**ACTIVITY**:
All the lines below should appear again unchanged, though their pictures should not.

**SUPPLIED MATERIAL**:

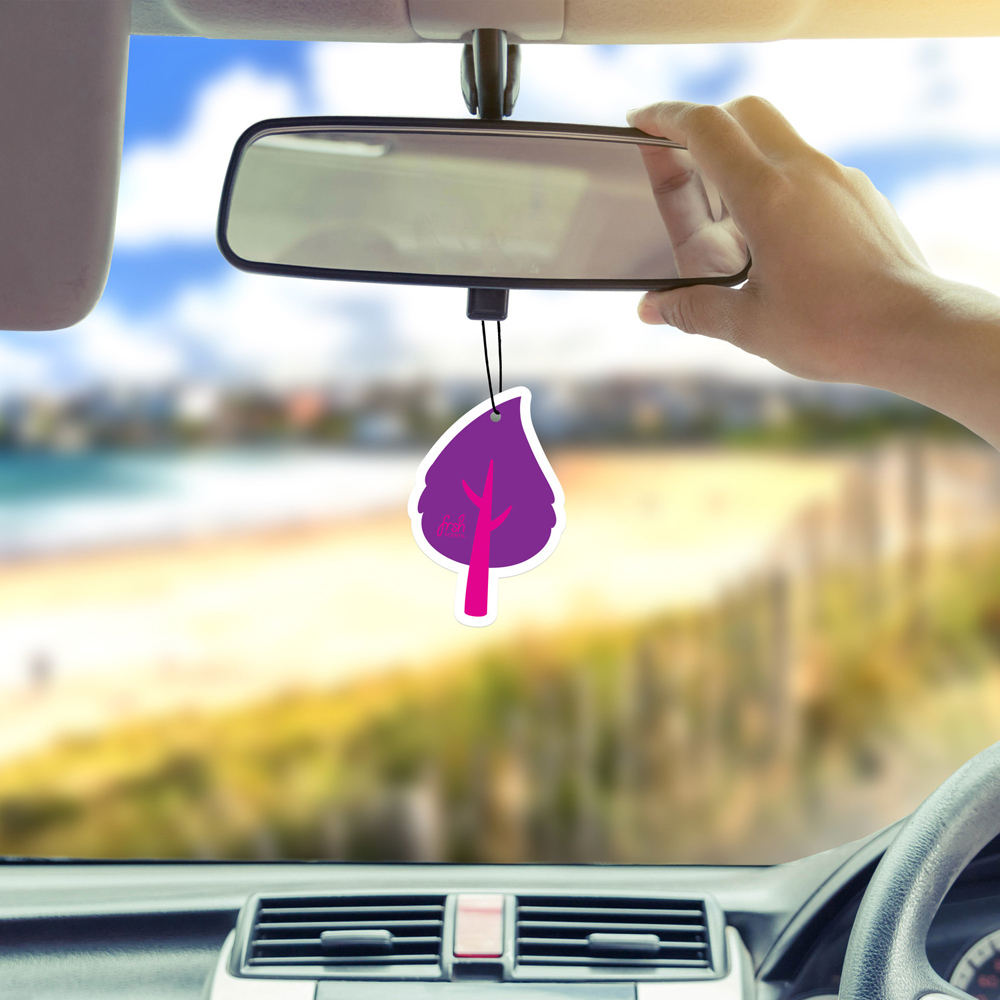 Frsh Scents Leaf Shaped Car Air Freshener Bubblegum Bliss Image 2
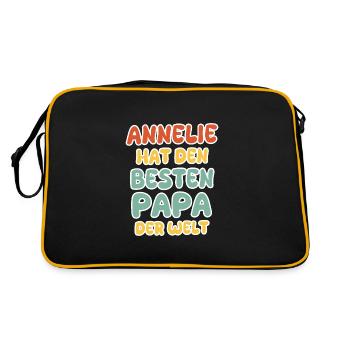Bébé Annelie - Sac Retro - noir/or - Dos
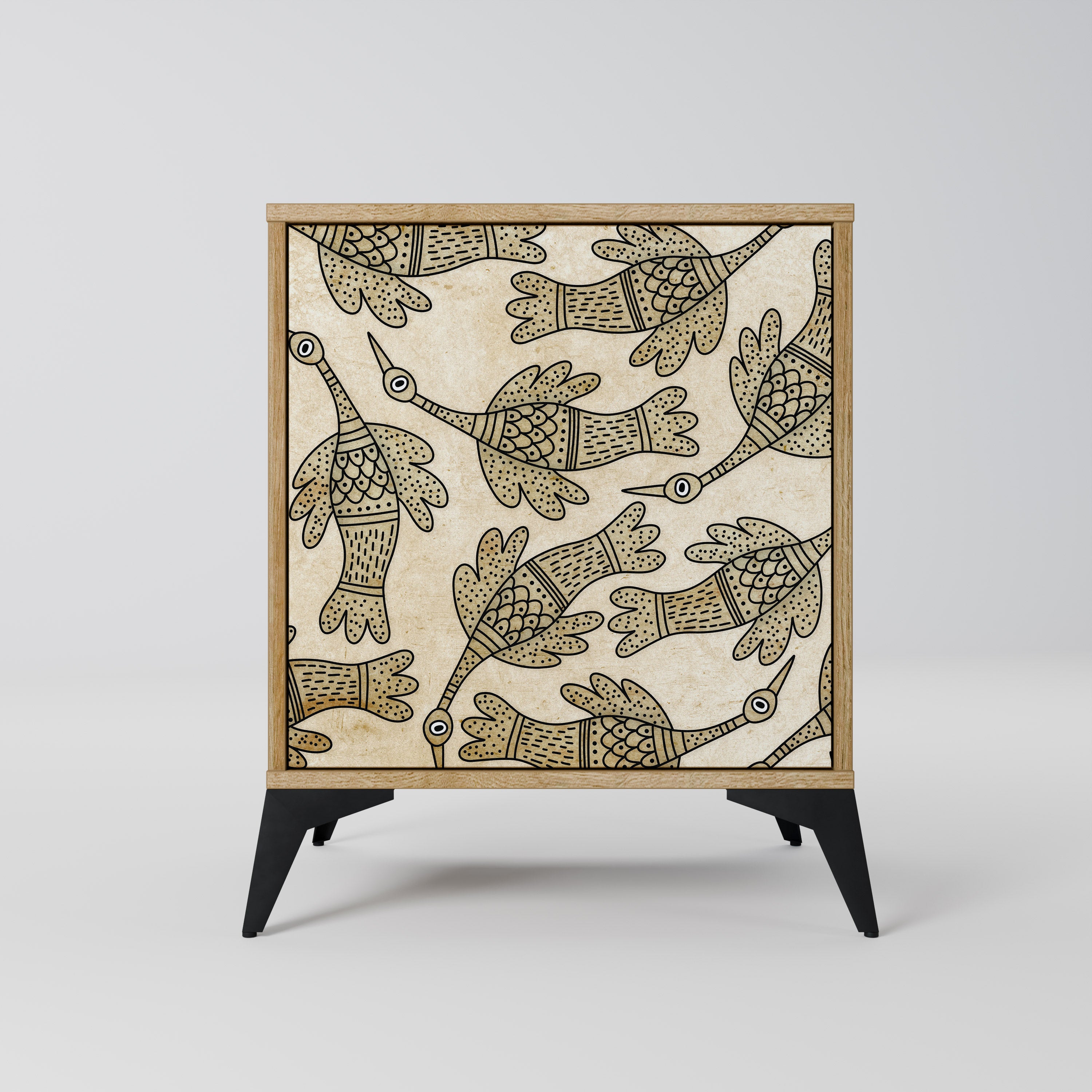 Aparador ALMONDINE SONGBIRD de 1 puerta con acabado roble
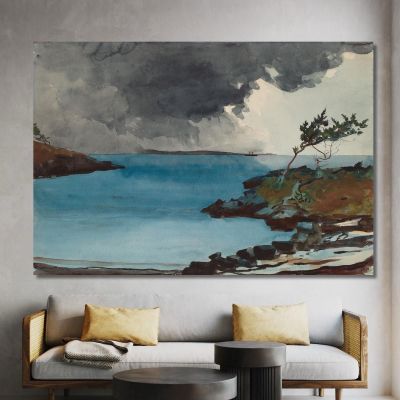 The Coming Storm Winslow Homer whm206 canvas print 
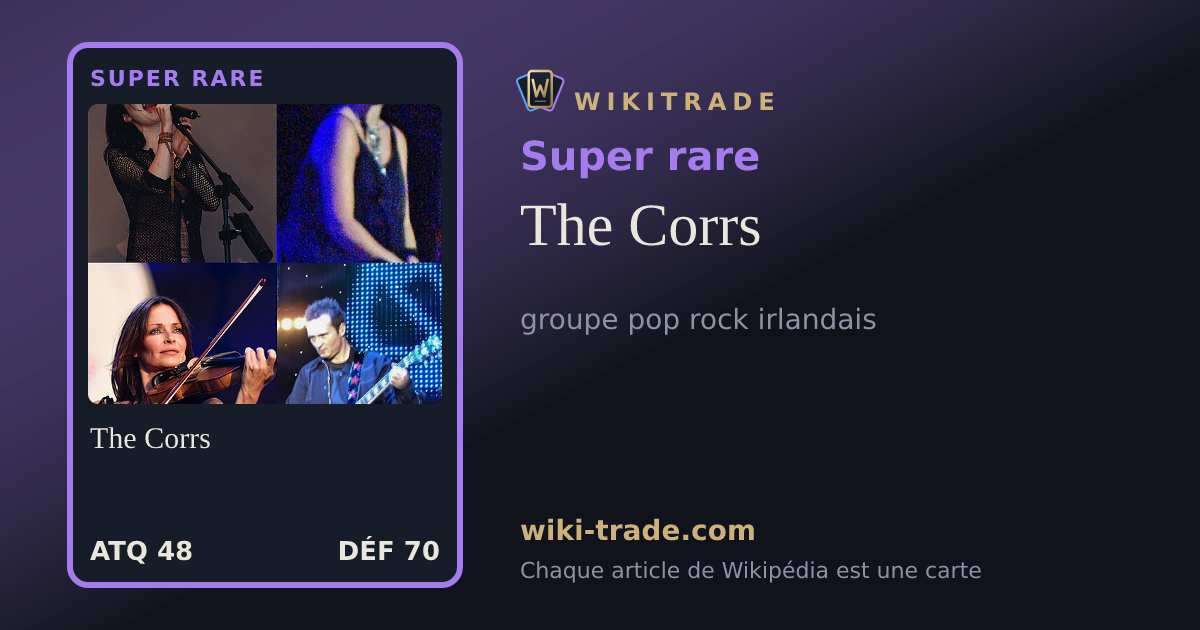 The Corrs — carte Super rare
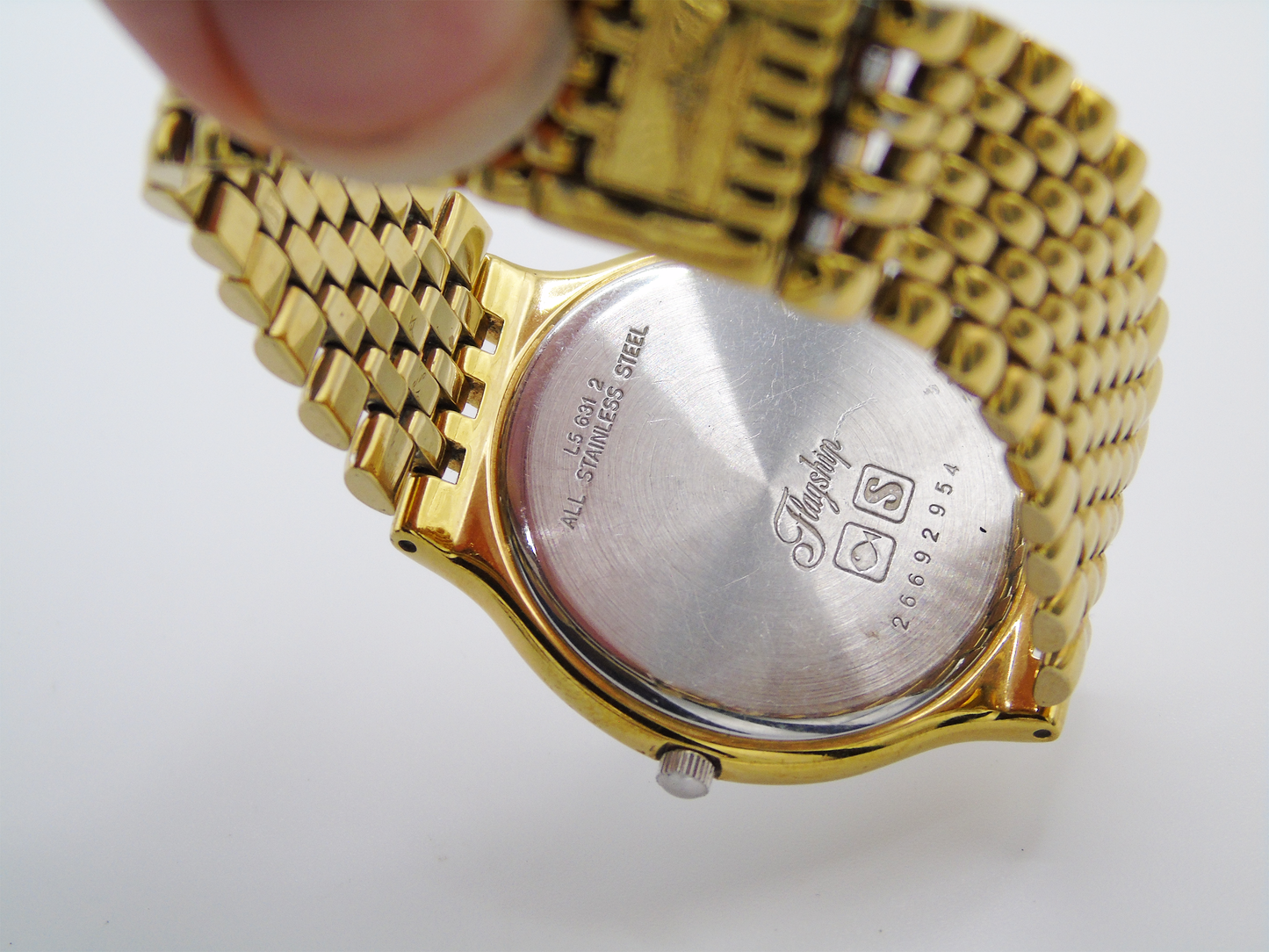 Vintage Longines Flagship Gold Watch with Box Paper - Gems Forgotten
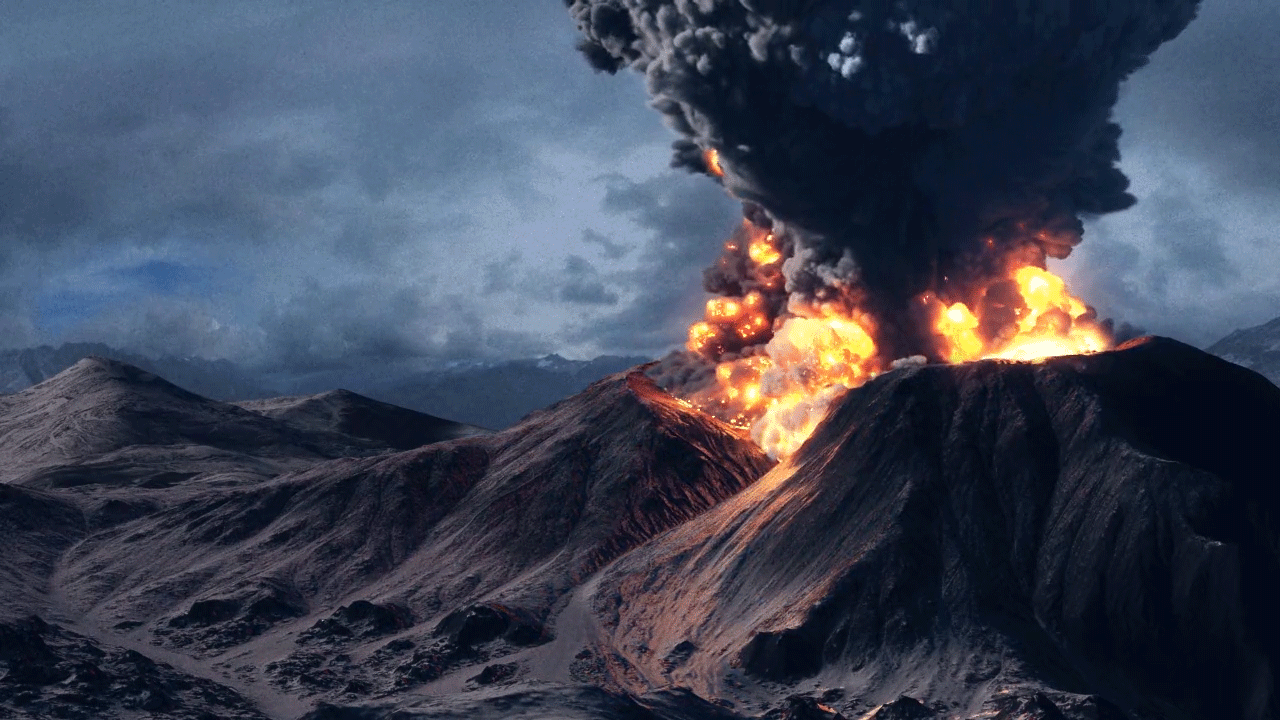 Вулкан кз на андроид. Вулкан извержение 1995. Вулкан Кракатау катастрофа. Извержение вулкана анимация. Вулкан жив.
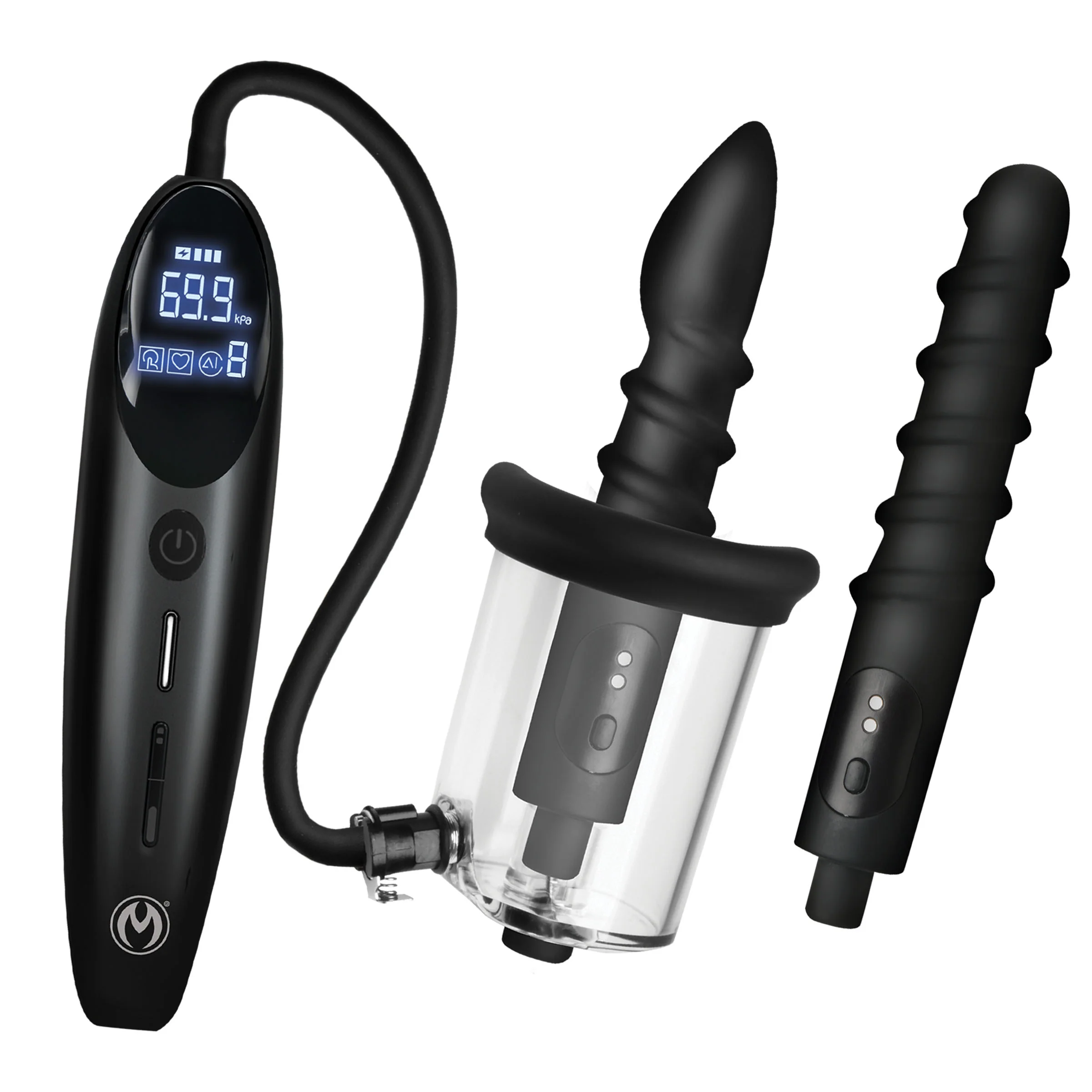 Rosebud Driller Deluxe Set Vibrating Silicone Rosebud Pump - Image 7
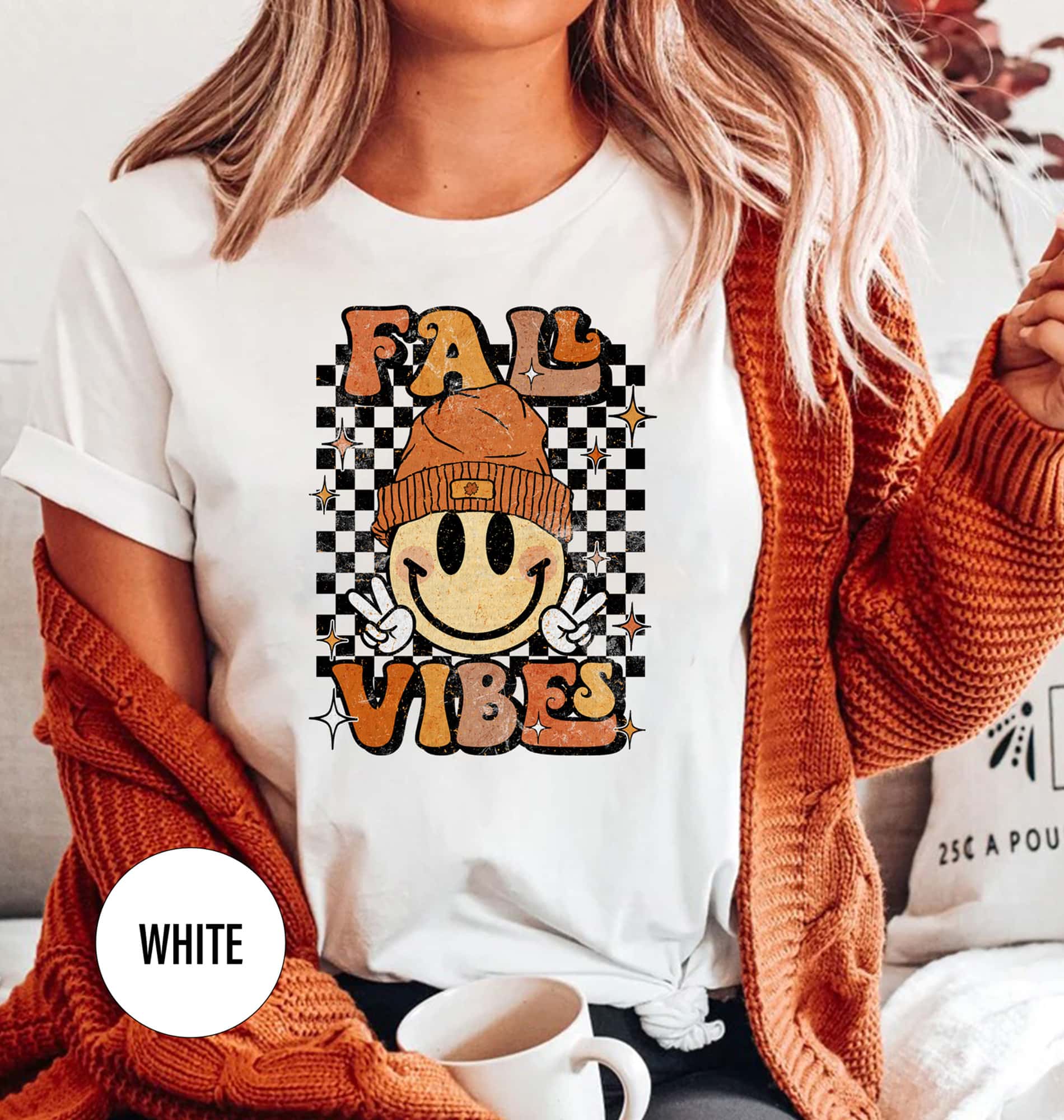 Fall Vibes Vintage-style Tee From Holidayshirts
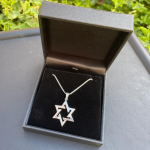 14k Gold Star of David Pendant with a Cutout Design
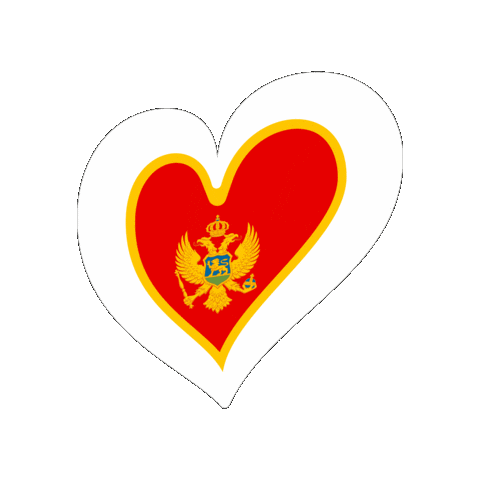 Heart Montenegro Sticker by Eurovision Song Contest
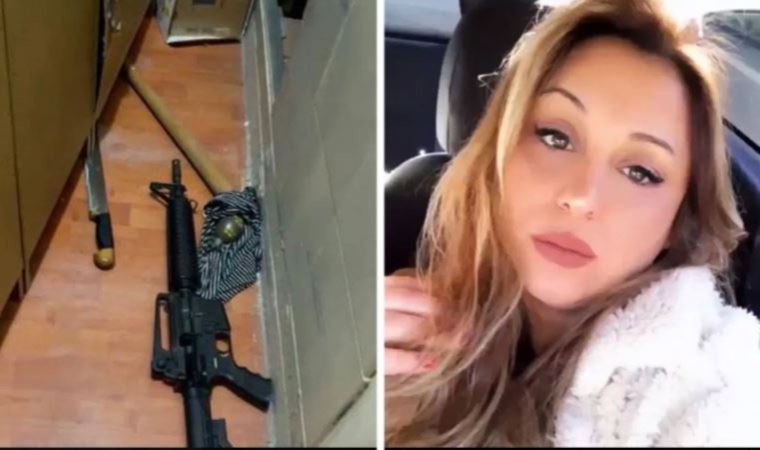 ‘Hanımağa’nın evinden cephanelik çıktı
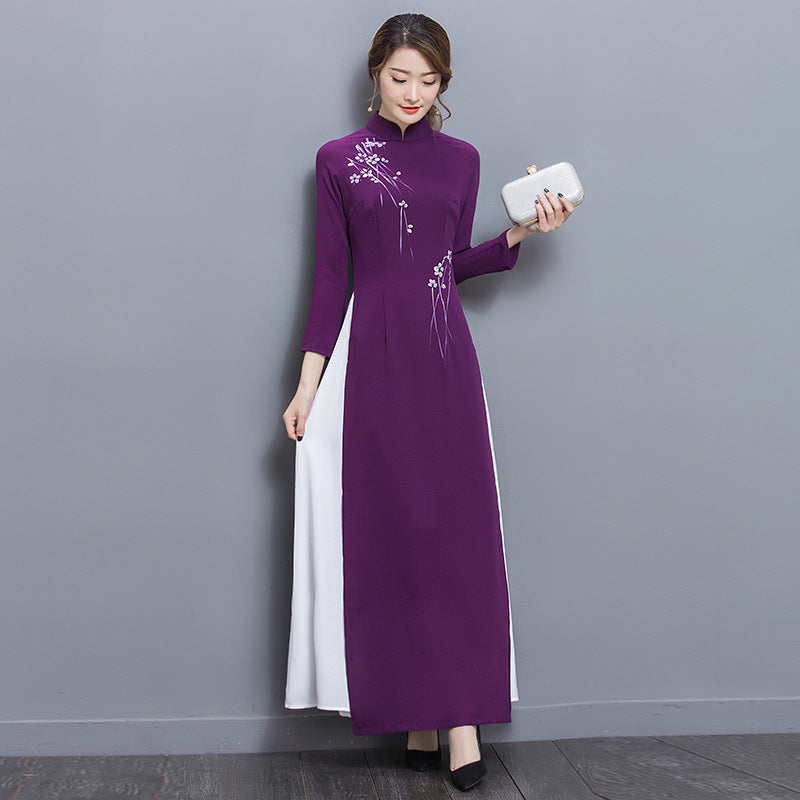 Lady long retro dress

**REPLY TO THE EXERCISE**:
 Frsh Scents Leaf Shaped Car Air Freshener Bubblegum Bliss Image 2
Bébé Annelie - Sac Retro - noir/or - Dos
 Aparador ALMONDINE SONGBIRD de 1 puerta con acabado roble
 The Coming Storm Winslow Homer whm206 canvas print 
 The Corrs — carte Super rare
 Vintage Longines Flagship Gold Watch with Box Paper - Gems Forgotten
 Вулкан кз на андроид. Вулкан извержение 1995. Вулкан Кракатау катастрофа. Извержение вулкана анимация. Вулкан жив.
 Rosebud Driller Deluxe Set Vibrating Silicone Rosebud Pump - Image 7
 Fall Vibes Vintage-style Tee From Holidayshirts
 14k Gold Star of David Pendant with a Cutout Design
 Heart Montenegro Sticker by Eurovision Song Contest
 ‘Hanımağa’nın evinden cephanelik çıktı
 Lady long retro dress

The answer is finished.